Él la cogió por los brazos, pero ella no ofreció resistencia.

—Parthenope, no tengo el menor deseo de restringir tus actividades ni de ser rudo contigo. ¡Tú ya lo sabes! Además, eres brillante llevando la casa. Siempre lo he dicho, y te agradezco profundamente todo lo que haces. Eres la esposa perfecta en todos los sentidos… —Pero seguía perdiendo la batalla; ella no quería halagos, ni siquiera reconocimiento—. Maldita sea, ¡no se trata de seleccionar una criada! En eso no tienes rival, ¡pero elegir un miembro del Parlamento es absolutamente distinto!

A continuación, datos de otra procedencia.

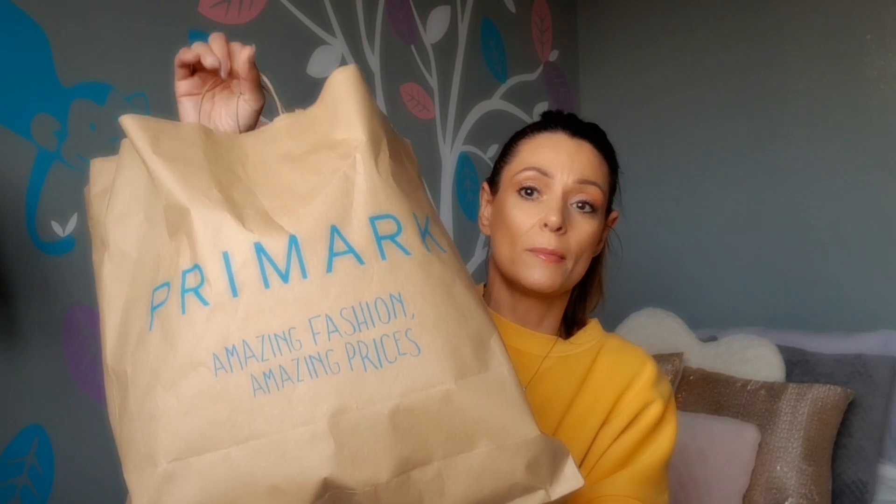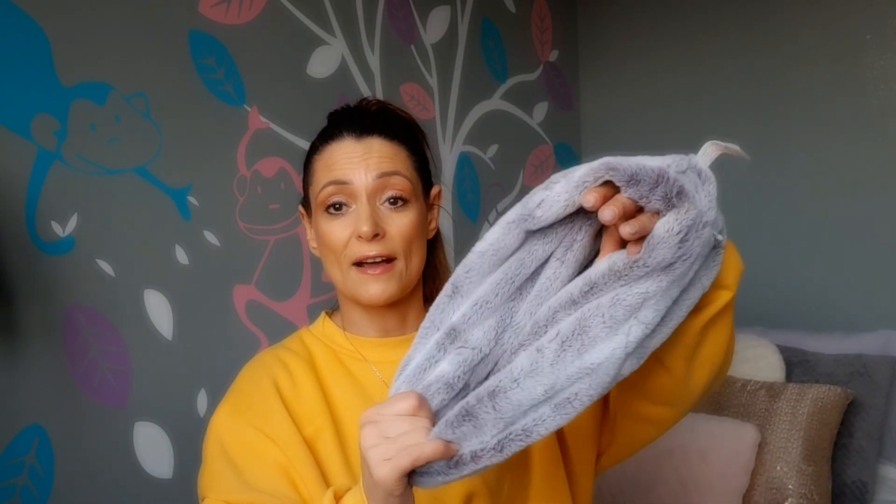I've got a big bag of stuff and another bag to show you as well. There's no particular order so I'm just going to pull things out. I'll start with the clothing section first since there's not a lot there. The first thing I'm pulling out is this scarf - it is so soft, it's a beautiful gray crushed velvet scarf. It literally looks and feels like my cushions downstairs.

—¿De veras? —Ella levantó las cejas—. No me digas. ¿No te gustaría que tu diputado fuera honrado a carta cabal, de sólidas convicciones morales, discreto cuando hace falta, leal a su causa y competente en su trabajo?

—¡Lo que no quiero es que saque el polvo a los muebles o pele patatas!

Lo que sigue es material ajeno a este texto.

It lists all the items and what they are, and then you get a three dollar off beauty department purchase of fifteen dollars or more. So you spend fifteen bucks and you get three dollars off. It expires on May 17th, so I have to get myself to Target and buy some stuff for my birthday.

—¡Vaya, Cuthbert! —Sabía que sólo había ganado esa batalla, no la guerra.

Él no había cambiado de parecer, ni probablemente lo haría nunca. Seguía empeñado en hacerla subir al cabriolé y abandonar la zona antes de que llegara alguien que pudiera reconocerlos. Ella cedió y dejó que la ayudara a subir al coche. Charlotte vio su rostro inteligente y obstinado, la confusión reflejada en sus rasgos; las nuevas ideas no podrían ser extinguidas, pero tampoco podrían negarse las viejas lealtades. Parthenope miró a su marido con áspera e irresoluta ansiedad.

Después, el hombre montó a su lado y cerró la portezuela. Charlotte salió de las sombras y caminó por la acera como si en ese momento hubiera abandonado la sala.